Acting military chief Umit Dundar says 47 civilians, 104 military personnel, 41 police and two soldiers not involved in the Turkey coup plot are dead.

A total of 194 people were killed in the Turkey coup attempt, the country's acting military chief says.

Umit Dundar says 47 civilians and 104 military personnel involved in the coup are among the dead.

The other victims were 41 police officers and two soldiers not involved in the plot.

The Turkish military announced late Friday that it was seizing power to restore order.

Aerial bombings, military blockades and clashes between mobs and armed forces were reported across Turkey overnight, but the government has since largely quelled the uprising and arrested more than 1500 military personnel.

"Those who betray their state and country will not go unpunished," Dundar said.

First Army commander General Dundar was appointed acting head of the military after Chief of the General Staff Hulusi Akar went missing.

Akar has since been "rescued from captivity", a government official said.

Forces loyal to the government fought on Saturday to crush the remnants of the coup which crumbled after crowds answered President Tayyip Erdogan's call to take to the streets and dozens of rebels abandoned their tanks.

The faction of the armed forces which tried to seize power used tanks and attack helicopters. Some strafed the headquarters of Turkish intelligence and parliament in the capital, Ankara, and others seized a major bridge in Istanbul.

Erdogan appeared to accuse the plotters of trying to kill him and said he would purge the armed forces, which in the past have staged a number of successful coups, although not for more than 30 years.

"They will pay a heavy price for this," he said.

"This uprising is a gift from God to us because this will be a reason to cleanse our army."

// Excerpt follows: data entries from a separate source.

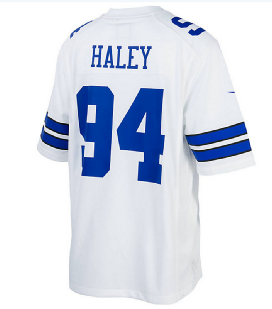 Nike Cowboys #94 HALEY White Men's Stitched NFL Elite Jersey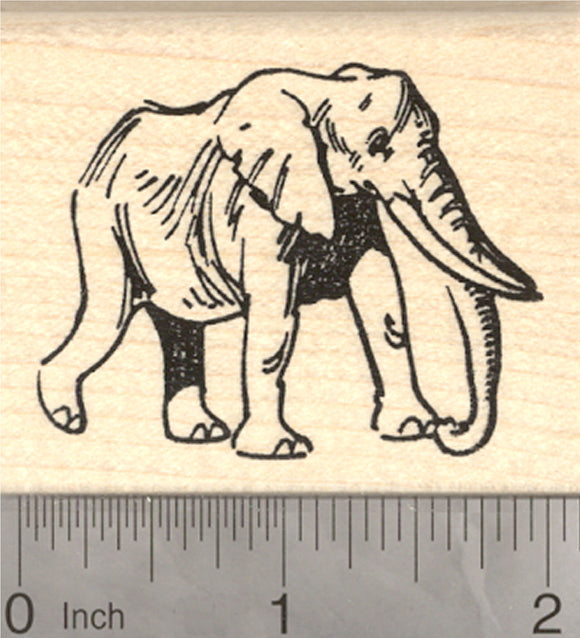 Elephant Rubber Stamp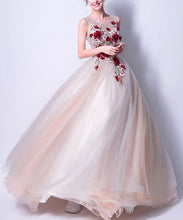 Beautiful Prom Dresses Scoop Floor-length Ball Gown Chic Prom Dress/Evening Dress JKL282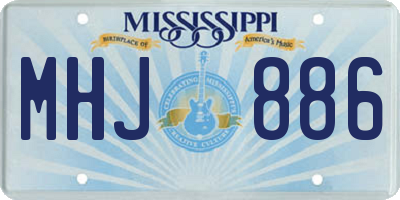 MS license plate MHJ886
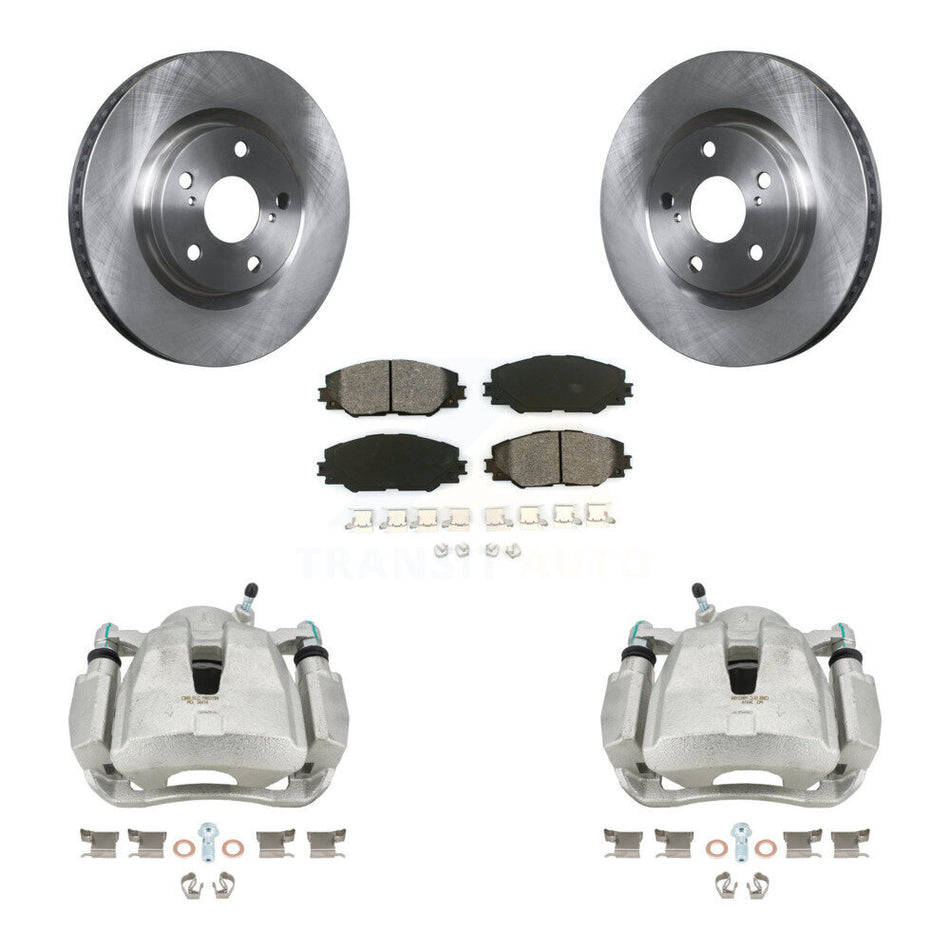 Front Disc Brake Caliper Rotors And Semi-Metallic Pads Kit For Toyota RAV4 Scion tC Matrix Pontiac Vibe Corolla iM Mirai KC8-100301S by Transit Auto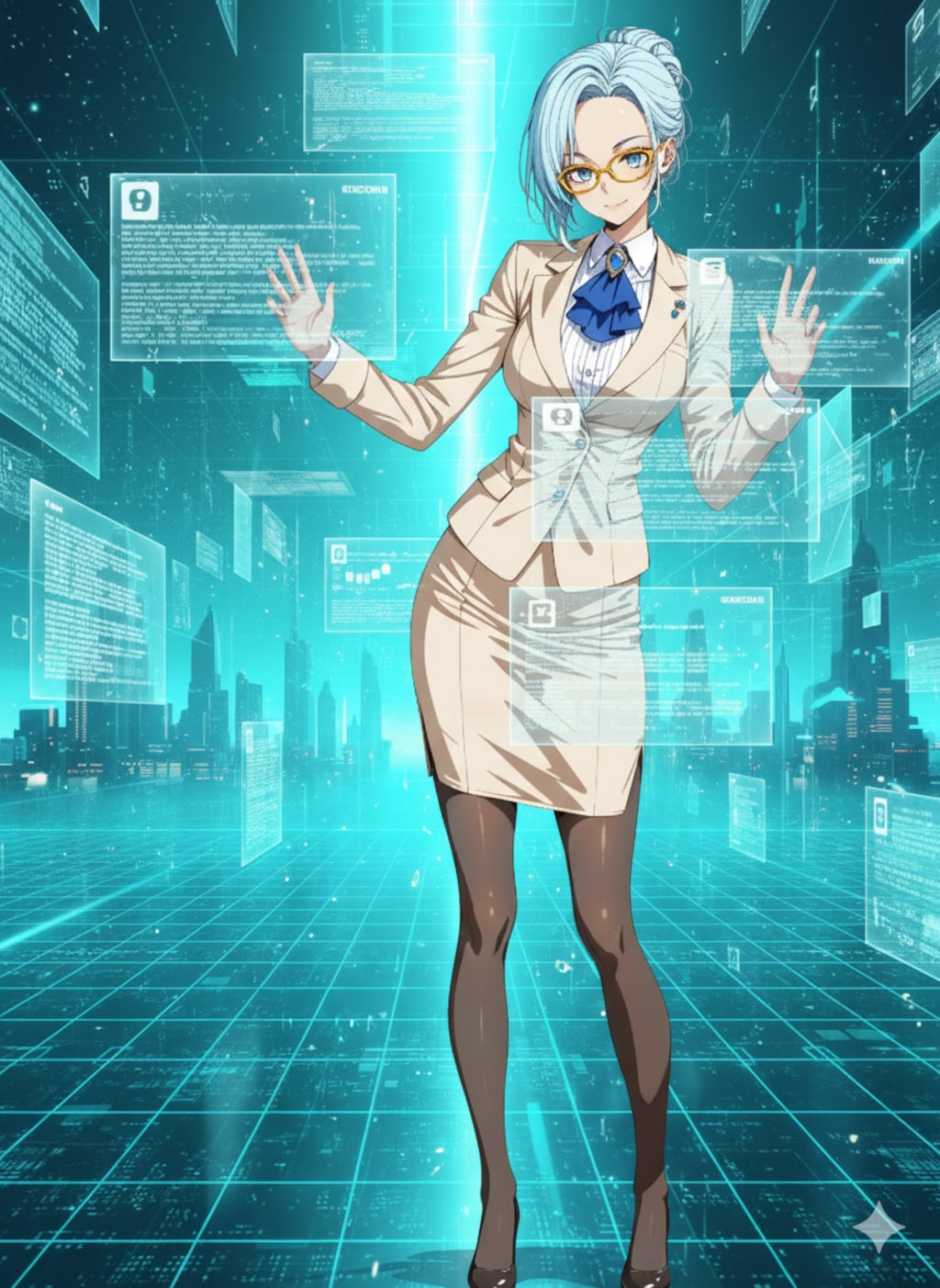 かっちりした女性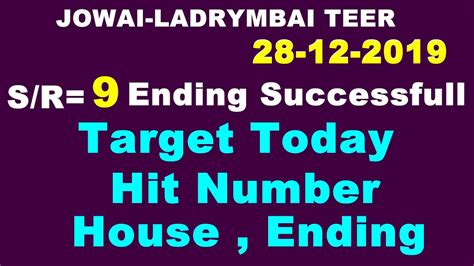 Jowai $ Ladrymbai Teer today (Hit Number) .
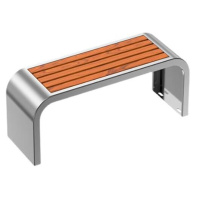 环杰不锈钢公园椅HJ-2127长条凳U形加重不锈钢[2米]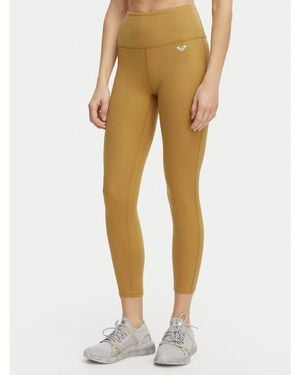 Roxy Leggings Heart Into It Ankle Erjnp03690 Slim Fit - Gelb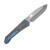 Medford 187 DP Tumbled D2 Second Amendment Handles (Blue Hardware)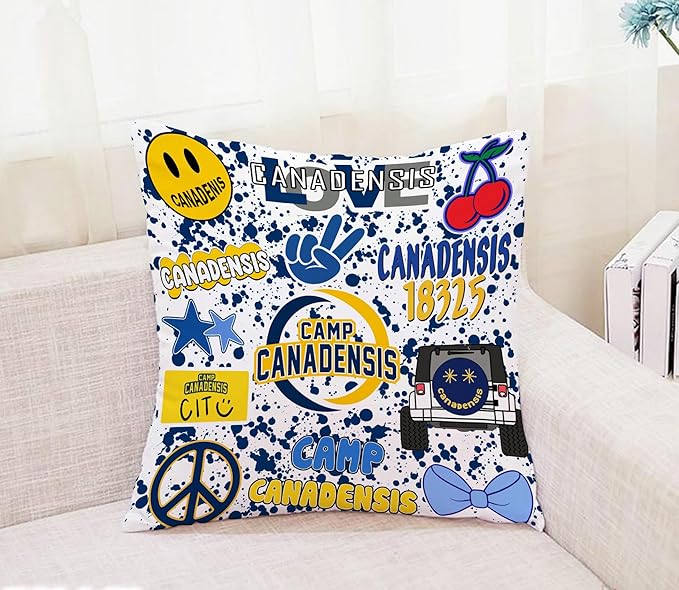Gilbins Camp Bunk Kids Autograph Pillows A Great Gift for Boys Or Girls (Camp Canadensis)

Later, the presidency warned on Twitter that another uprising could be staged at any time.

Turkish authorities had detained about 1500 members of the armed forces with many more likely, officials said.

A successful overthrow of Erdogan, who has ruled Turkey since 2003, would have marked one of the biggest shifts in the Middle East in years, transforming a major US ally while war rages on its border.

However, a failed coup attempt could still destabilise a NATO member that lies between the European Union and the chaos of Syria, with Islamic State bombers targeting Turkish cities and the government also at war with Kurdish separatists.

Erdogan, who had been holidaying on the southwest coast when the coup was launched, flew into Istanbul before dawn on Saturday and was shown on TV outside Ataturk Airport.

Addressing a crowd of thousands of flag-waving supporters at the airport later, he said the government remained at the helm, although disturbances continued in Ankara.